[Records contained in a dataset]
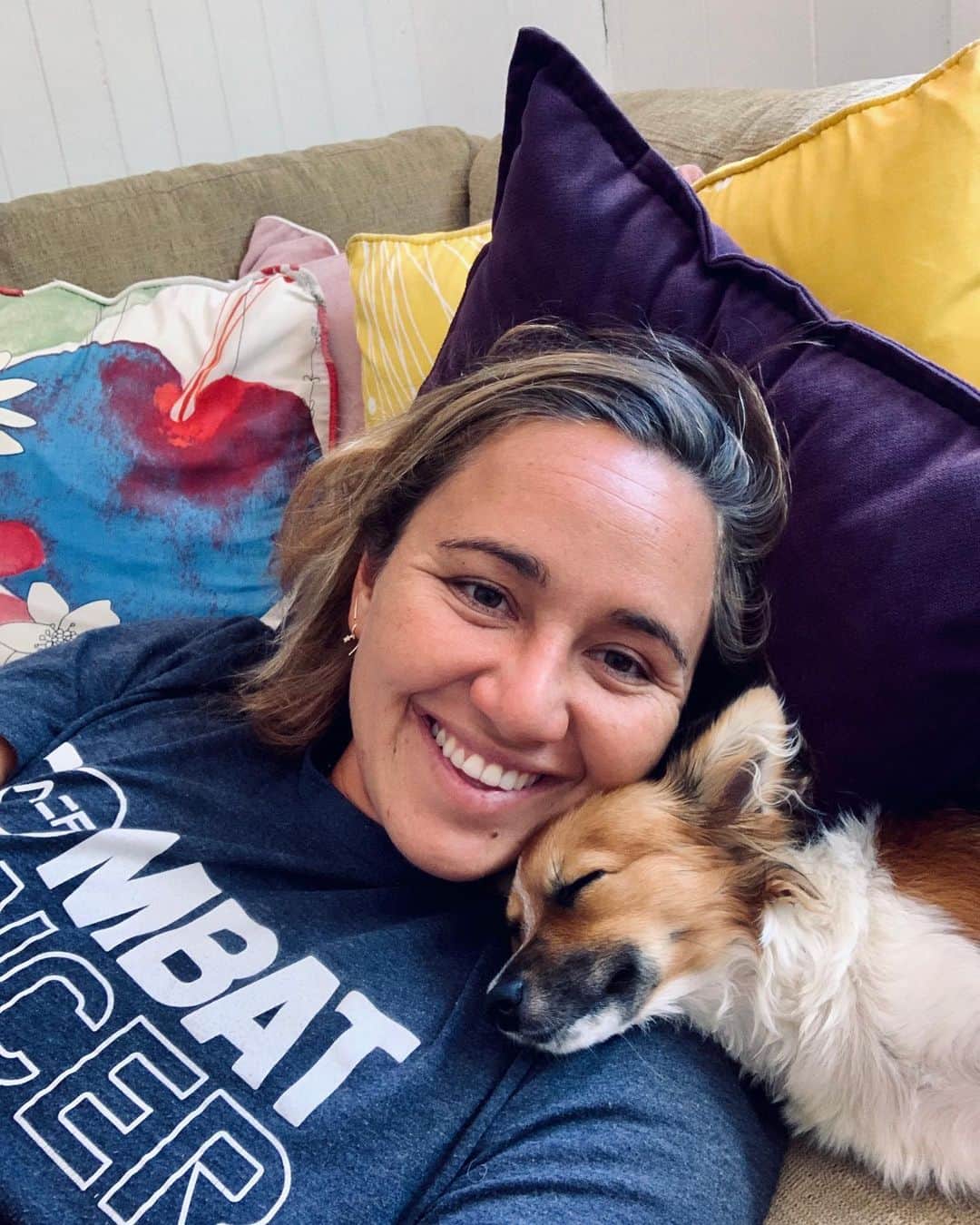 カリッサ・ムーアのインスタグラム：「My snuggle bug ☺️💛」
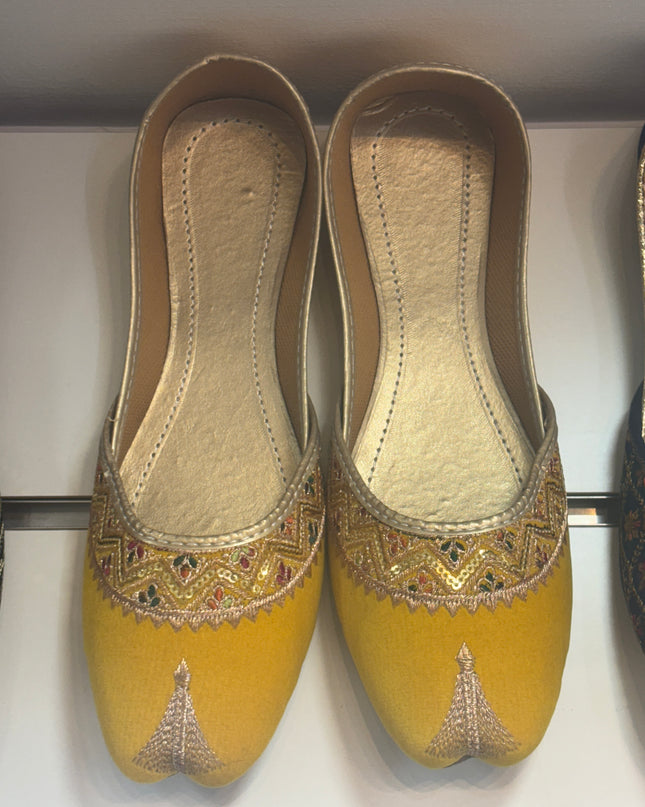 Yellow Khussa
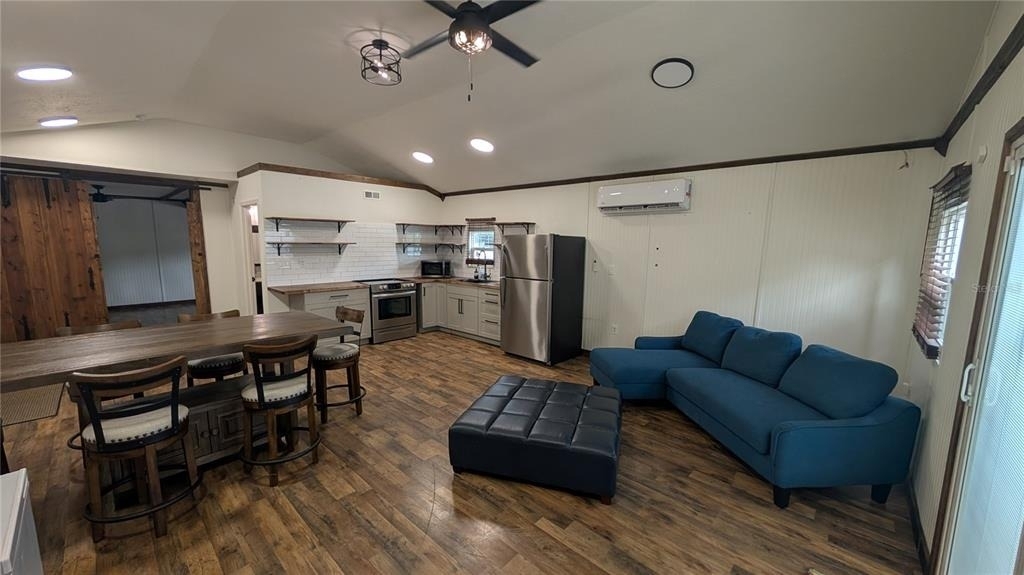 18312 Holister Rd - Photo 8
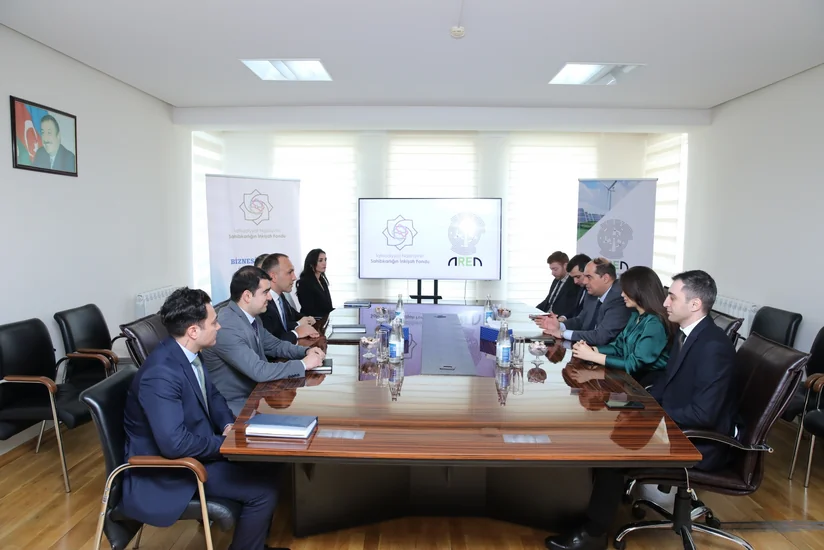 Sahibkarlığın İnkişafı Fondu Bərpa Olunan Enerji Mənbələri Dövlət Agentliyi ilə əməkdaşlığa başlayır
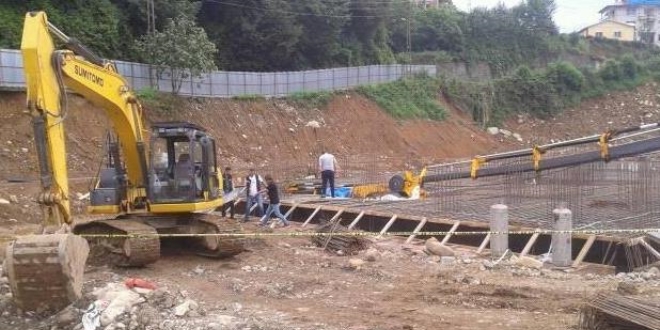 Rize'de vinç devrildi: 1 ölü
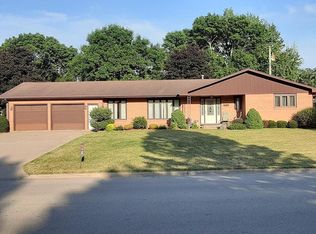 1016 3rd St SW, Dyersville, IA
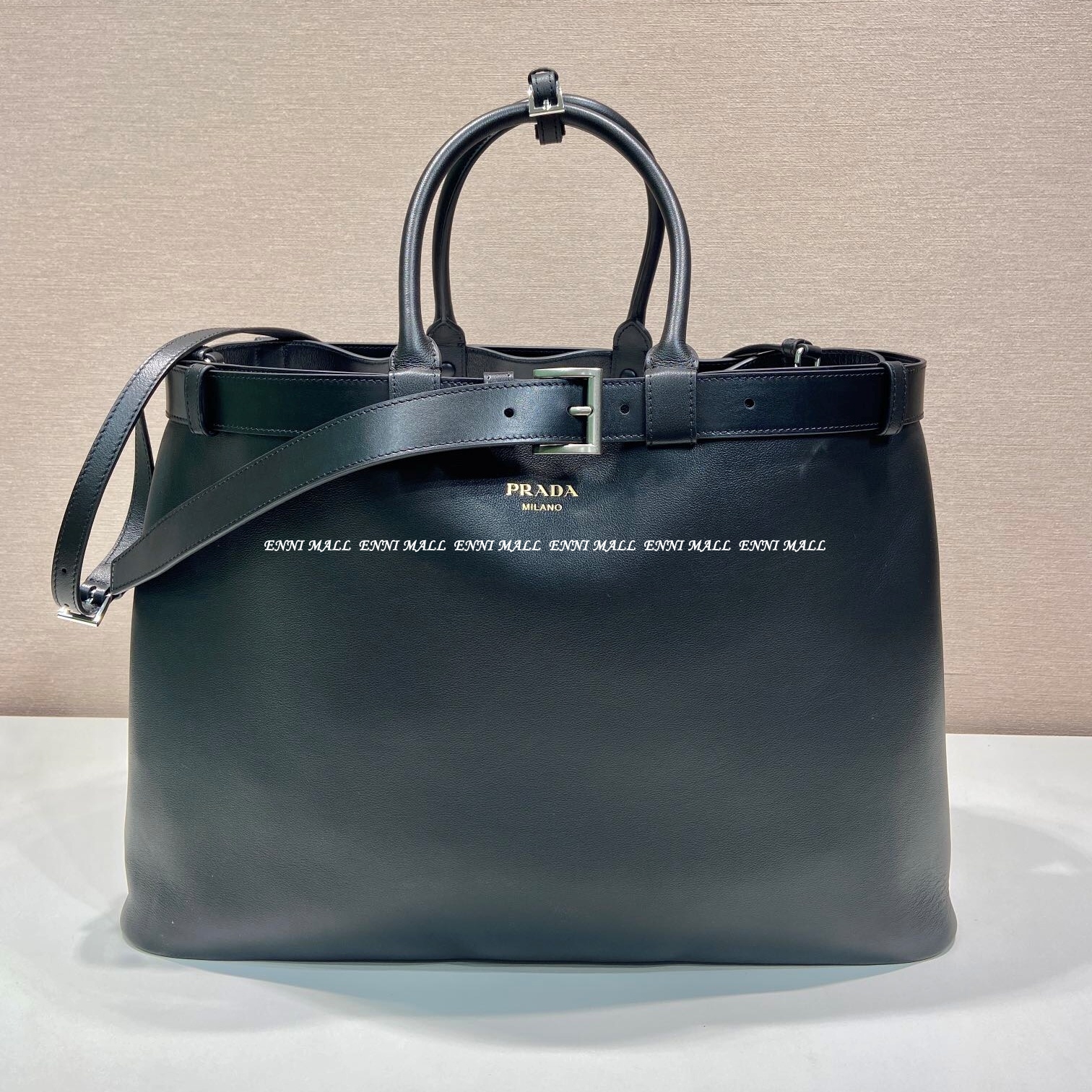 프라다 토트백 (48cm)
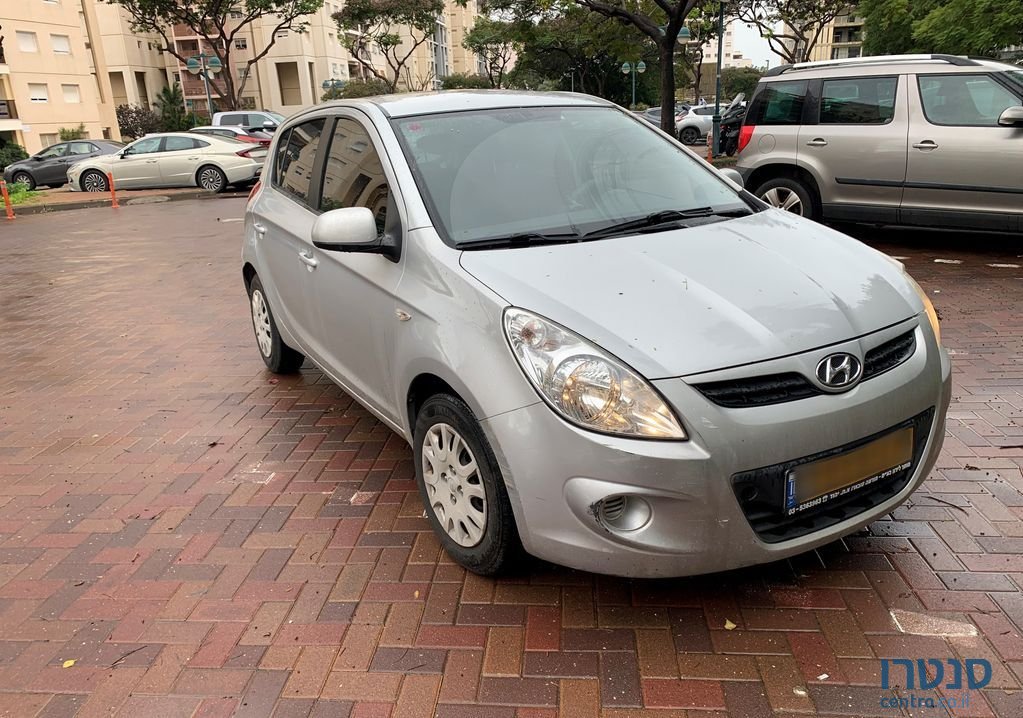 2012' Hyundai i20 יונדאי photo #2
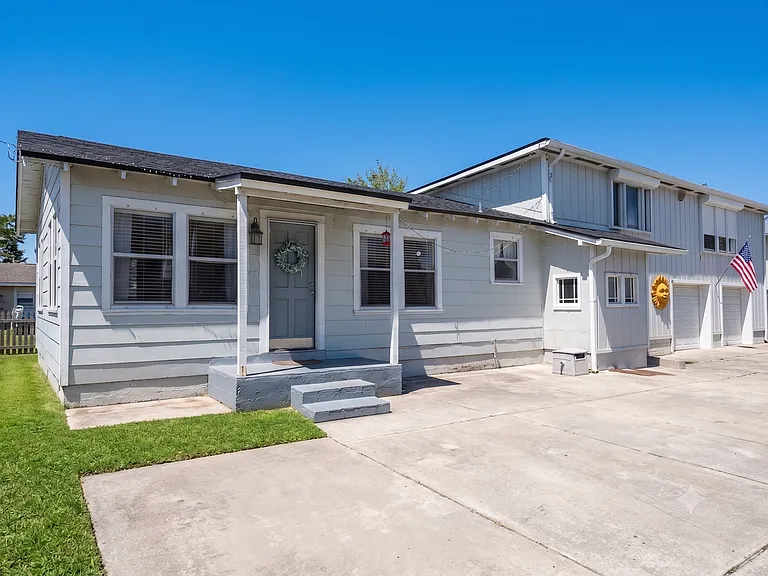 403 Saint Augustine Blvd — Photo 2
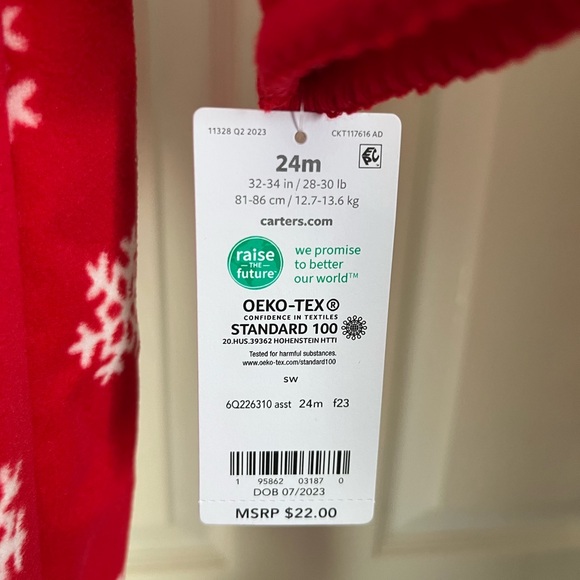 NWT Carter’s Unisex 24 month Snowflake Fleece Sleeper - Picture 3 of 4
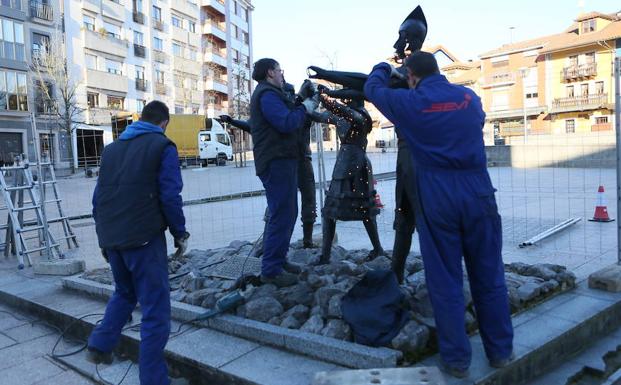 Los operarios, desmontando la escultura hoy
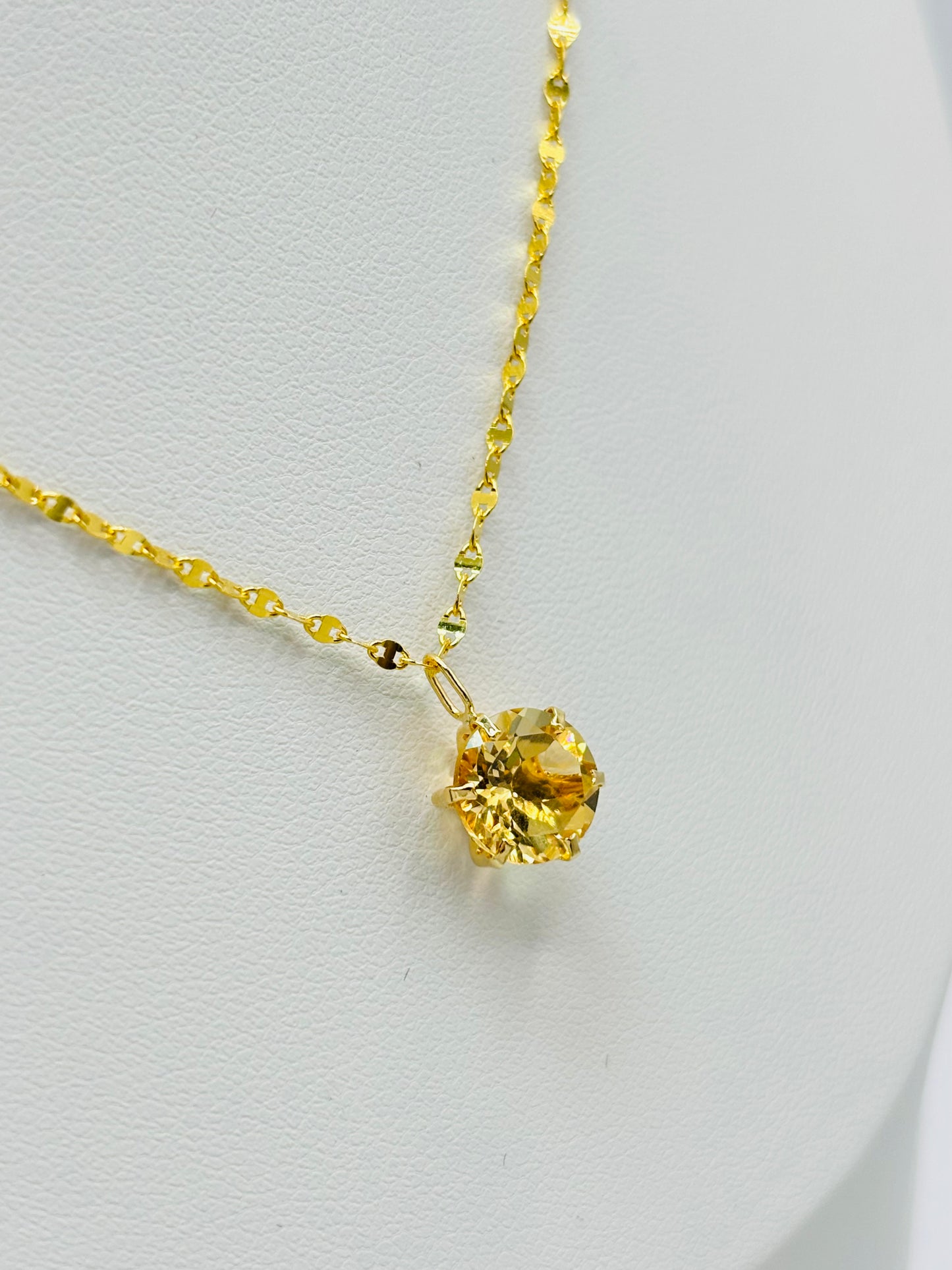 18K Gold Dancing Chain with K18 Japan Gold Natural Citrine Earrings and Pendant Set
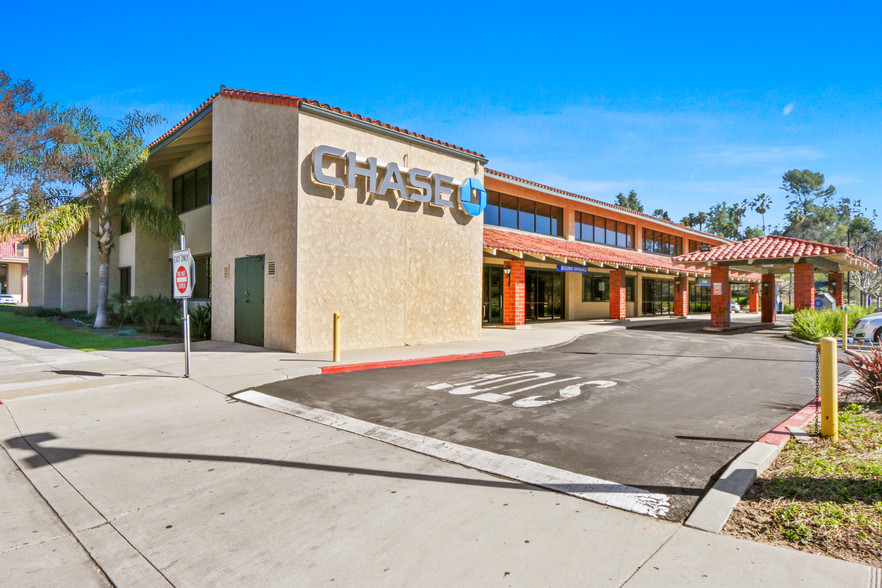 1235 N Harbor Blvd, Fullerton, CA for lease - Primary Photo - Image 1 of 11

WHAT IS EXPECTED> Omitting all images, retype each line of the records precisely.

SOLUTION>
 カリッサ・ムーアのインスタグラム：「My snuggle bug ☺️💛」
 Yellow Khussa
 18312 Holister Rd - Photo 8
 Sahibkarlığın İnkişafı Fondu Bərpa Olunan Enerji Mənbələri Dövlət Agentliyi ilə əməkdaşlığa başlayır
 Rize'de vinç devrildi: 1 ölü
 1016 3rd St SW, Dyersville, IA
 프라다 토트백 (48cm)
 2012' Hyundai i20 יונדאי photo #2
 403 Saint Augustine Blvd — Photo 2
 NWT Carter’s Unisex 24 month Snowflake Fleece Sleeper - Picture 3 of 4
 Los operarios, desmontando la escultura hoy
 18K Gold Dancing Chain with K18 Japan Gold Natural Citrine Earrings and Pendant Set
 1235 N Harbor Blvd, Fullerton, CA for lease - Primary Photo - Image 1 of 11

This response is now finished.